Ce vivant superflu des temps modernes, c’est aussi Charlot, d’où l’intériorité du rire empathique, douloureux, qu’il provoque. Marx n’a-t-il pas défini le prolétaire comme « travailleur libre », libre au sens de disponible sur le marché, sous forme d’armée de réserve ou de flux migratoire, livré aux flux des capitaux ? Dans le même entretien, Tarkos définissait la « poésie faciale » comme « quelque chose qui serait de face, et qui n’aurait d’autre valeur que sa valeur faciale », c’est-à-dire « la valeur qu’il y a sur le billet de banque. Il n’y a pas d’autre valeur, c’est comme une valeur… nominale. Voilà, c’est juste ce qui est écrit, signé sur le papier, et il n’y a pas d’autre valeur derrière, il n’y a rien à creuser ».
Pas d’autre signifié que le signifiant ? L’argent n’a de valeur que faciale, support de cette relation de domination et d’échange dont on fait des contrats léonins. De même, « ça veut vraiment rien dire un mot tout seul », il lui faut un groupe et un contexte, « les expressions qu’on utilise tout le temps, le sens qu’elles ont c’est lié aux relations qu’on a entre nous ».
Tarkos se définissait volontiers comme « ensemblier ». Cette activité, serrer dans des sacs, est en rapport avec la topologie de Patmot, avec la géométrie des feuilles de caoutchouc, comparables au langage comme continuum, qui forment les pneus, gonflables comme des poumons à paroles, et en rapport avec un morphisme linguistique et philosophique, immanentiste, relativiste et matérialiste : tout se tient dans des tissus denses de relations. Impossible de se perdre : on est obligé de dire tout ce qu’on est. Qu’on pince n’importe où, la pâte suit. Tarkos n’envisage la poésie « ni comme un mini-canton de l’univers créatif, ni comme origine, recommencement et invention d’un monde à partir de rien. Elle est le nom, plus ou moins arbitraire, qui dénote ce point où les régions du discours peuvent être ressaisies. Prenez une nappe, posez-la sur la table, semez des agglomérats, nommez-les. Cela donne une carte ou un territoire. Maintenant, pincez un point de la nappe, n’importe lequel, et tirez vers le haut, angle quelconque. En entier, le territoire se plisse et réagence, des chemins et des arêtes s’esquissent, des trous, des nœuds, des itinéraires apparaissent. Tout un voyage. Du nouveau ? Oui, mais à partir de ce qui était déjà là ».
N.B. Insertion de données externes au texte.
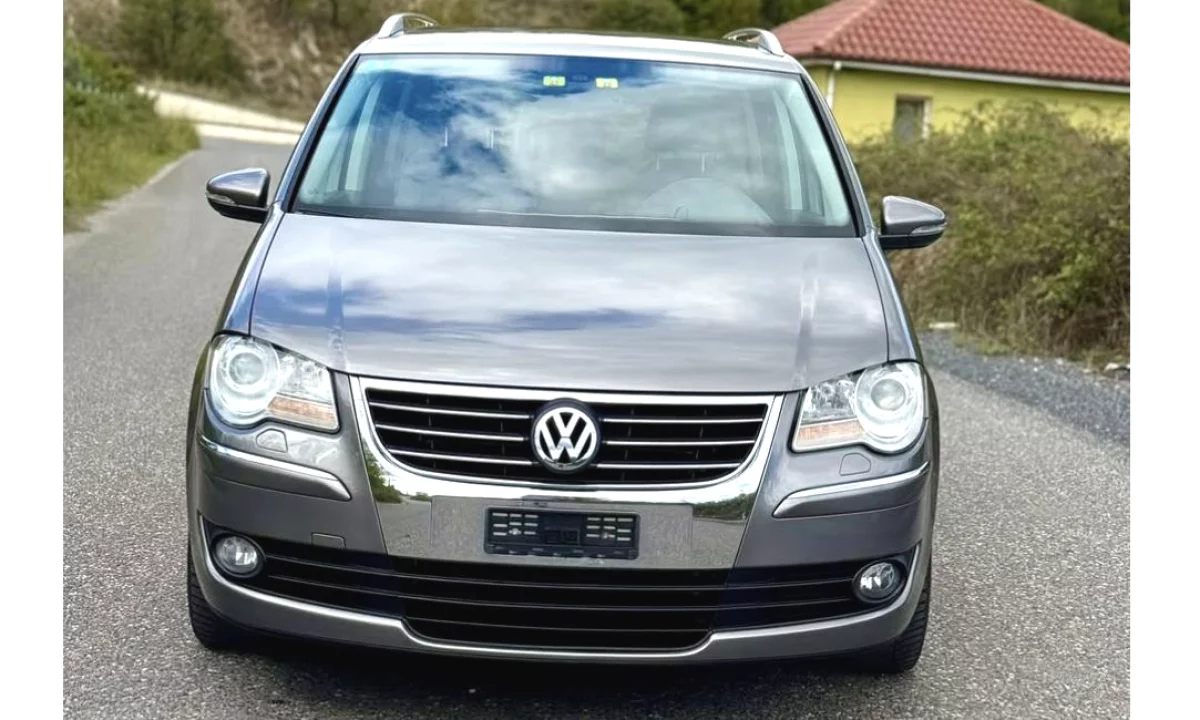 Makina ne shitje ne Tirane, Volkswagen, 2008 Benzine,Kambio Automatik Pagesa 4,600  Euro.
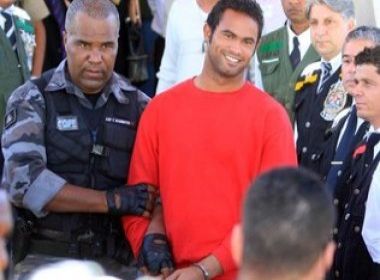 Julgamento do ex-goleiro Bruno começa com atraso e tumulto entre advogados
Les mots et l’argent, ironiquement qualifié de « sublime », de même que « la drogue est bonne », dans une société shootée à la croissance (à l’accumulation), c’est d’ailleurs la même came, la même merde, circulent des yeux à la peau, de la bouche aux dents de « merde très dure » (certainement les dents d’Ubu), des mains à la cervelle « plissée… dense… très serrée… », du jus marron coulant dans les veines au cœur d’un « bonhomme de merde » rencontré avant de disparaître totalement dans un bruit de pétard… allumé par le poète performeur. « C’est pas possible qu’un tel homme existe », lit-on dans une autre transcription. Et pourtant « on est dans la merde », et tout est « complètement collé ». D’où l’ironie, pour en décoller ? Car il le disait au début du Manifeste chou, et il le dit encore à ceux qu’il garde sur ses traces : « Cela ne peut plus durer ».